There’s a special kind of heartbreak in academic writing. That moment when you hand someone your draft confident, hopeful, even a little proud… and they return it with a puzzled look and a polite, “I wasn’t quite sure what you meant here.”

It’s not that your ideas aren’t good. You’ve done the reading, mapped the logic, made all the right connections in your head. You know what you mean.

But something’s been lost in translation.


The Curse of Knowing Too Much

Academic writing is often hard to follow not because the ideas are too complex, but because the writer has been living inside them for too long.

When you’re immersed in your topic, it’s easy to forget what’s obvious to you isn’t obvious to everyone else. You skip steps, collapse concepts, and rely on shorthand that makes perfect sense in your head but not on the page.

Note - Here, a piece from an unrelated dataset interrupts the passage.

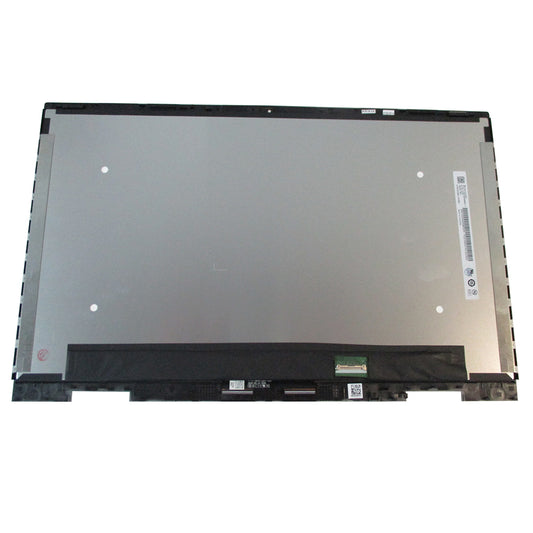 15.6" FHD Lcd Touch Screen w/ Bezel for HP Envy 15-ES 15T-ES Laptops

This creates writing that feels dense, disjointed, or vague to your reader… though clear to you.

Common Signs Your Writing Isn’t Landing

If you’ve ever written a sentence that made total sense, only to be met with glazed eyes or a reviewer’s “unclear,” you’re not alone. Here are some red flags to watch for:

  • Your sentences are technically grammatical but exhausting to read.

  • You overuse terms like “this,” “it,” or “such” without specifying what they refer to.

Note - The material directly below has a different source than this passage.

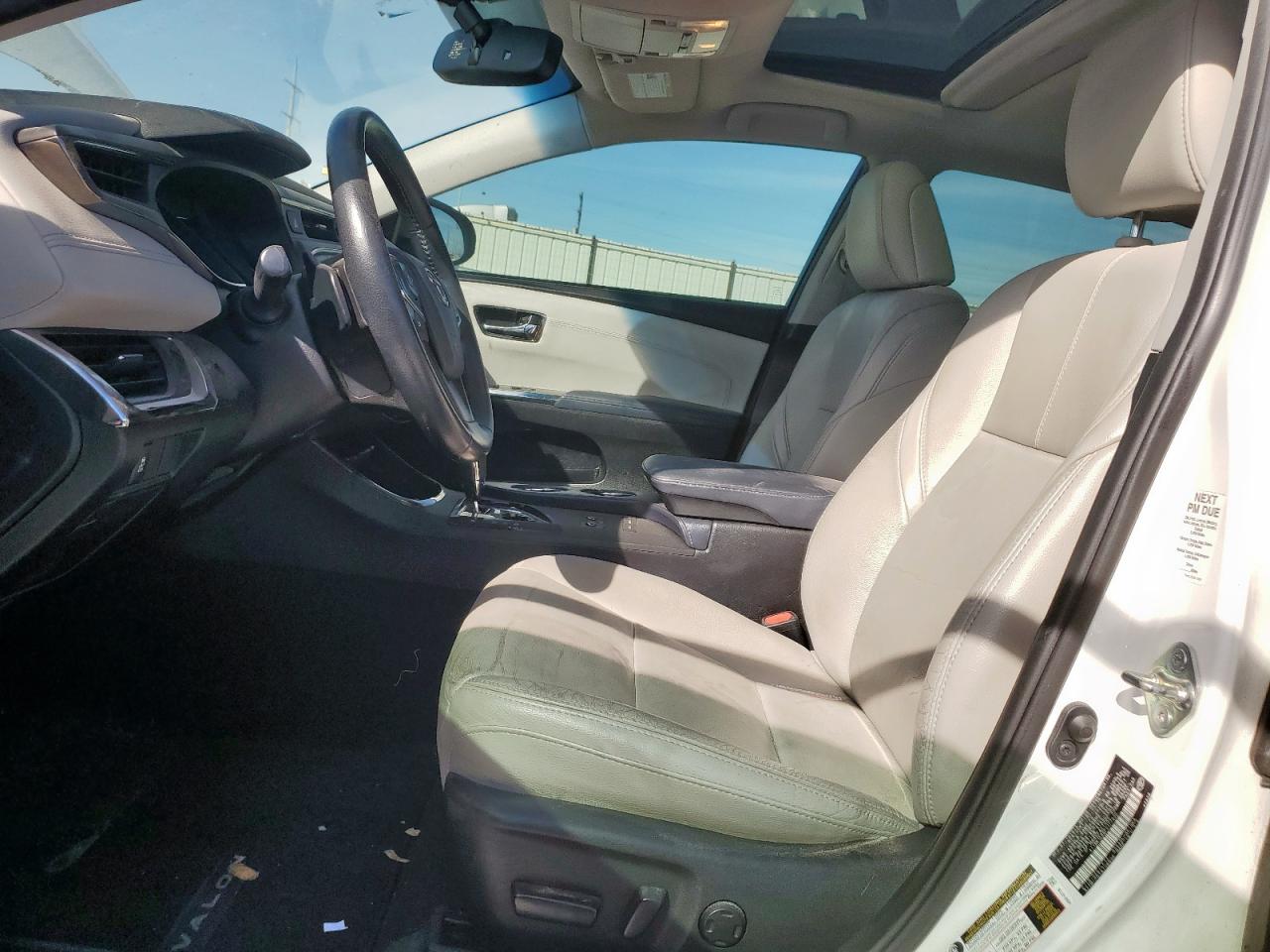 2015 Toyota Avalon Xle VIN: 4T1BK1EB6FU177930 Lot: 91434465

  • A key idea only shows up once - buried halfway through a paragraph.

  • You assume the reader knows the same background as you.

  • You re-read a section five times and still can’t tell if it’s saying what you meant.

It’s not that your thinking is bad, but these could be signs your writing is outpacing your reader’s context.

What You Can Do About It

The goal here isn’t to dumb down your ideas, it’s to build a bridge from your head to someone else’s. Here’s how to start:

1. Don’t Just Edit, Test Your Draft

Find someone outside your immediate field and ask them to read a section. Watch where they pause. Listen to their questions. If they’re confused, you’ve found a clarity gap - not a flaw, just a spot that needs scaffolding.

Tip: Ask them to summarise your paragraph in one sentence. If they miss your point, it’s not on them, it’s on the writing.

2. Read Your Work Out Loud

Yes, it’s awkward. But it works. Reading aloud exposes clunky phrasing, runaway sentences, and places where your writing loses rhythm or meaning. If you trip over a sentence, chances are your reader will too.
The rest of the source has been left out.